** Input data follows **

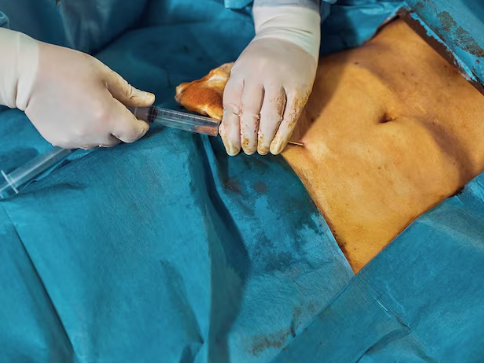 Best Circumcision Surgeon in North Delhi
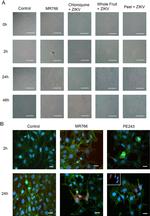Zika Virus NS1 Monoclonal Antibody (E107)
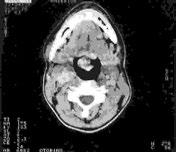 epiglottide. Fig. 2. T.C. della laringe co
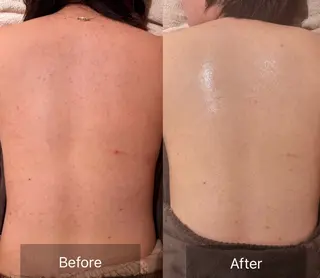 for woman所属・森 美優のエステ・リラクイメージ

** End of Input data **

▸ Exercise
Return the whole listing, word for word, and leave out every picture.

▸ Exercise output
 Best Circumcision Surgeon in North Delhi
Zika Virus NS1 Monoclonal Antibody (E107)
 epiglottide. Fig. 2. T.C. della laringe co
 for woman所属・森 美優のエステ・リラクイメージ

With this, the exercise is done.